Leaders can reshape the transformation strategy into a clear narrative built around:
- What the transformation is designed to achieve.
- Why now?
- What does success look like?
- What should teams focus on first?
Once leaders align on the narrative, you can develop tools to help cascade it throughout the organization. Language can become simpler. Priorities become clearer. People begin to understand not only the work, but the point of the work and the role they play in getting it done.
And that’s when you start to see engagement rise, meetings become more productive and teams begin moving in the same direction again. Because when people understand the story, they can move the strategy forward together.
How storytelling builds trust
During times of change, employees don’t expect perfection; they expect honesty. They want to understand the rationale behind decisions, even when the decisions are tough.
Strategic storytelling builds trust by offering clarity and consistency. It signals:
- You’re not being left out.
- You’re a part of what comes next.
- You’re being given the information you need to move forward.

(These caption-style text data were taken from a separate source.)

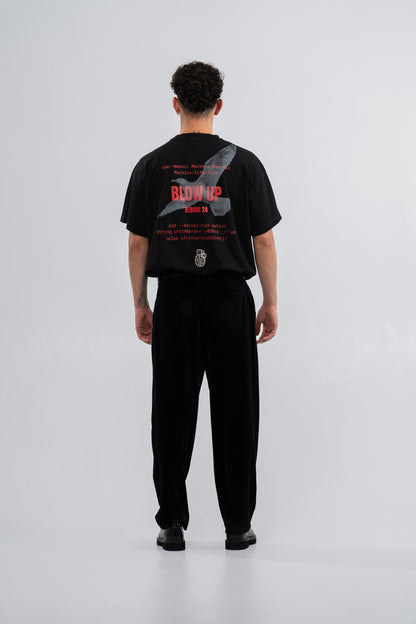 CAMISETA BLOW UP CR18-1100 BLACK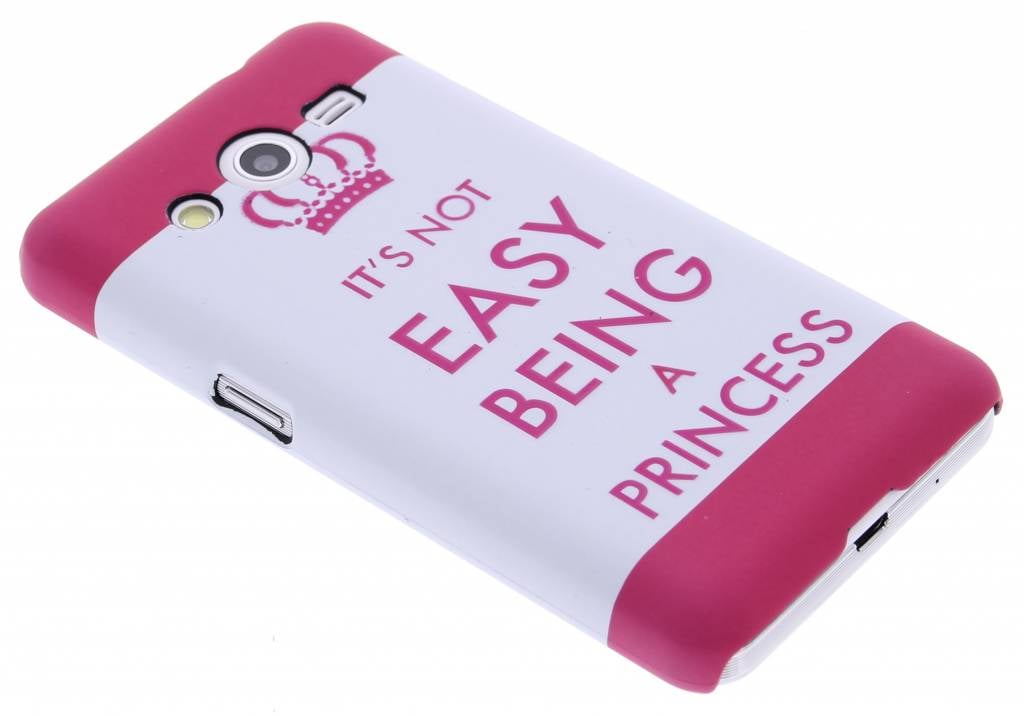 Image of Princess design hardcase hoesje voor de Samsung Galaxy Core 2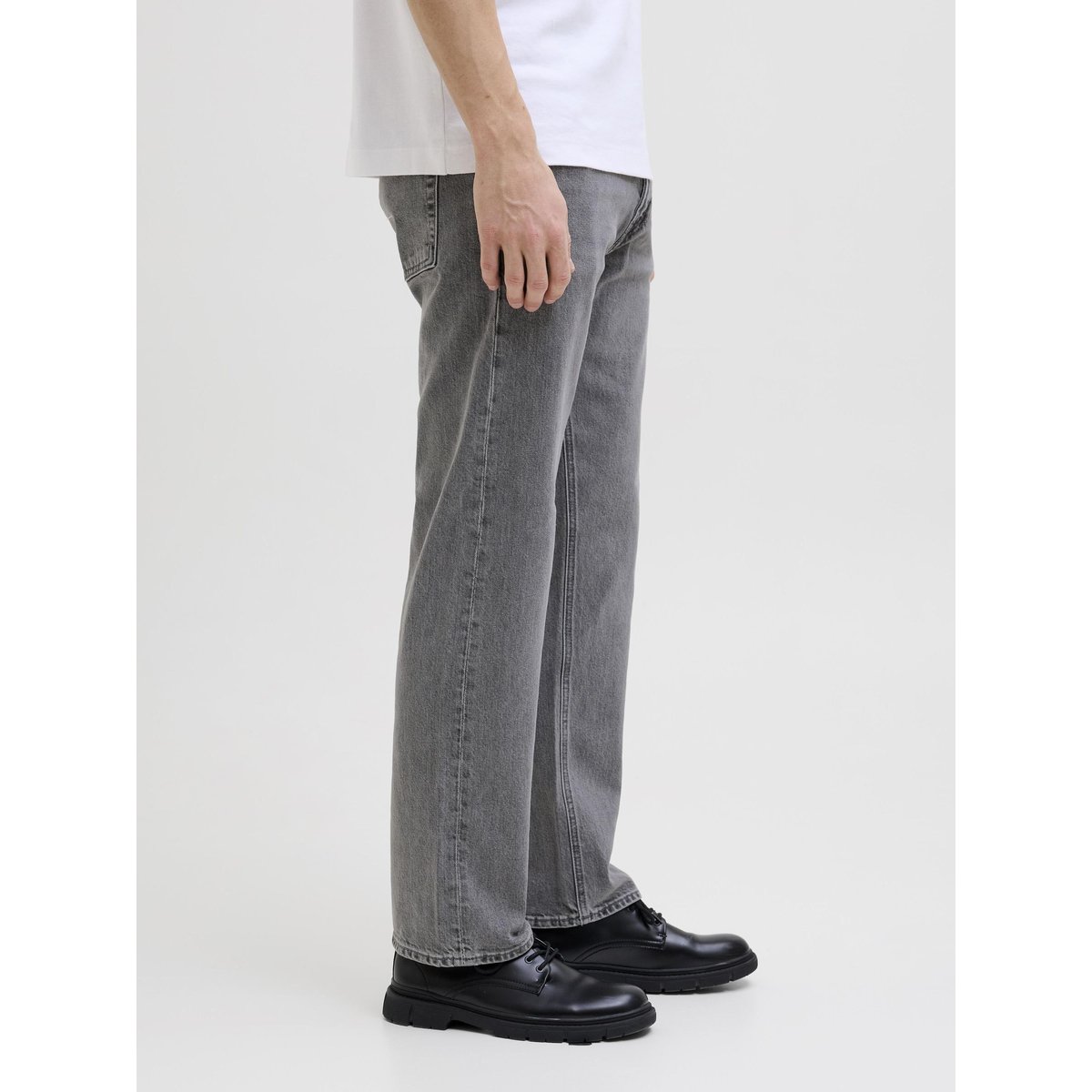 Jean Coupe Décontractée grey denim, JACK & JONES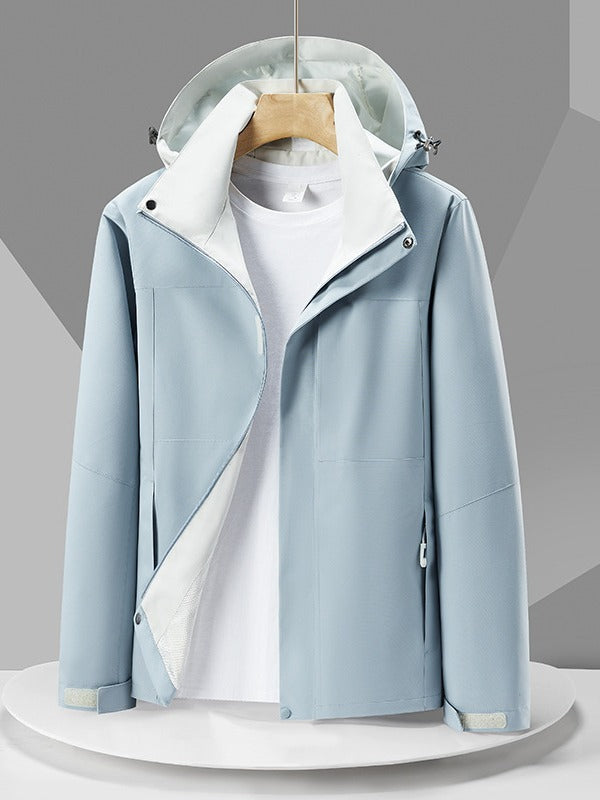 Men's Color Blocked Sports Casual Jacket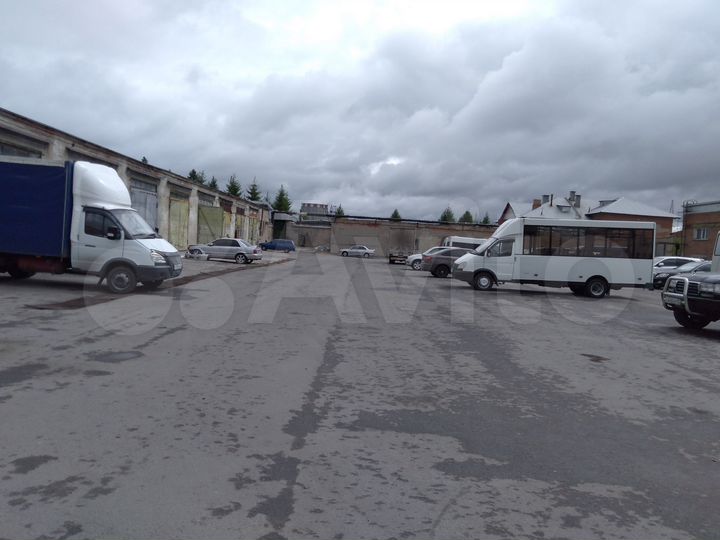 Производство, 8606 м²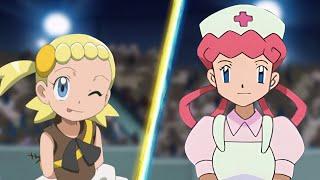 Pokémon Battle: Bonnie Vs Nurse Joy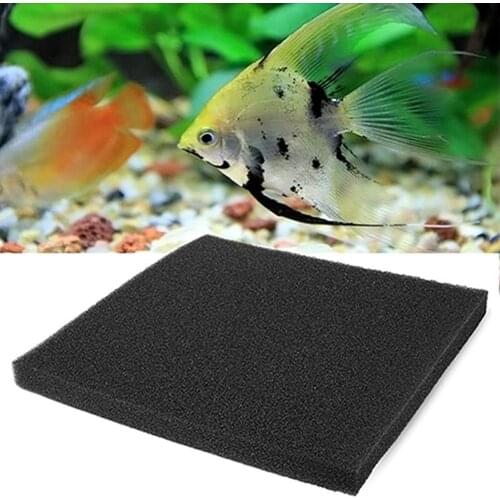 Reusable Biochemical Filter Foam Fish Pond Filtration Fish Tank Aquarium Sponge Pad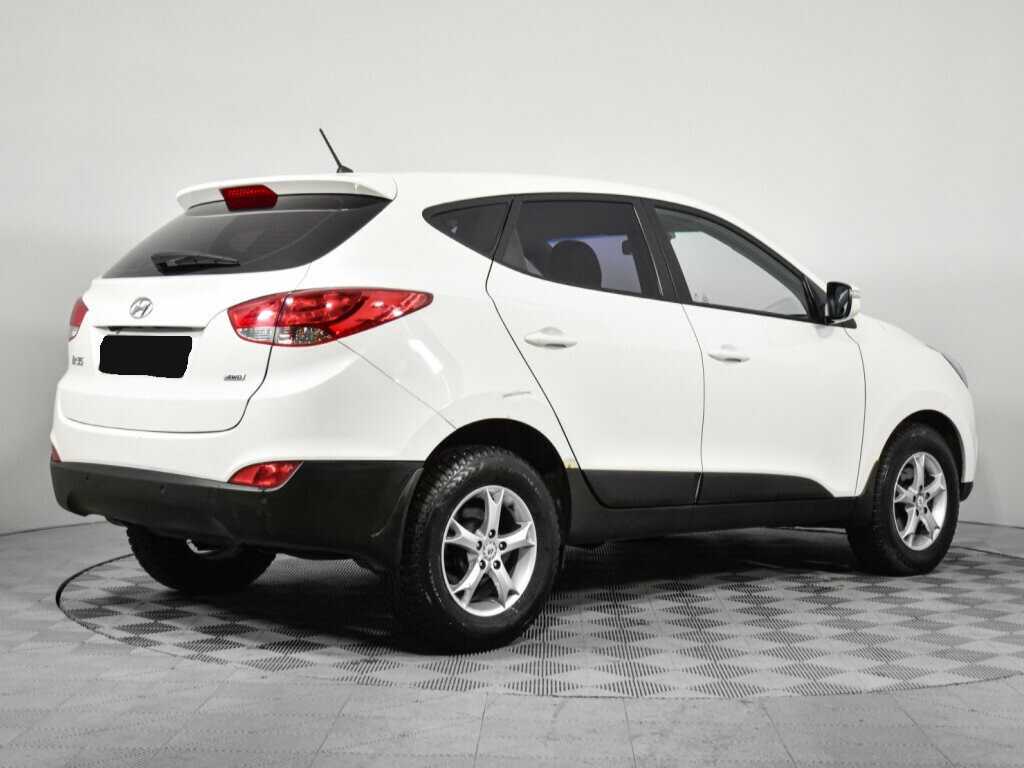 Hyundai ix35 2014 года с пробегом. Фото: #4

Trust grows when people feel informed, included and considered. That only happens when communication becomes a true narrative rather than a series of disconnected updates.
Where to begin: Translating your strategy into a story
If you’re guiding a team through change, then here are some practical storytelling tactics I encourage leaders to prioritize:
- Start from 100,000 feet. Ask: What is the simplest possible description of what we’re doing and why? If leaders can’t articulate this clearly, then no one else can.
- Repeat key messages far more than feels necessary. If you think you’ve said it once, then you probably need to say it 50 more times, through multiple channels, consistently... and then louder for the people in the back.
- Enable leaders at every level. Give people leaders the tools and talking points they need to carry the story forward, so the message stays connected from top to bottom.
- Watch for signs the story isn’t landing. Recurring questions, slow execution, misaligned priorities or low sentiment often point to narrative gaps.
- Close the feedback loop. Ask for input, act on it and communicate back: Here’s what we heard. Here’s what we’re doing. Here’s why. This practice alone can quickly shift engagement.
The future of strategic storytelling
As organizations grow more complex and teams become more distributed, strategic storytelling will only become more essential. Leaders can no longer assume people “get it” because they mentioned something once in a meeting.
Employees need clarity and context, not just direction, to move forward together.
Great stories move people. Strategic storytelling moves organizations.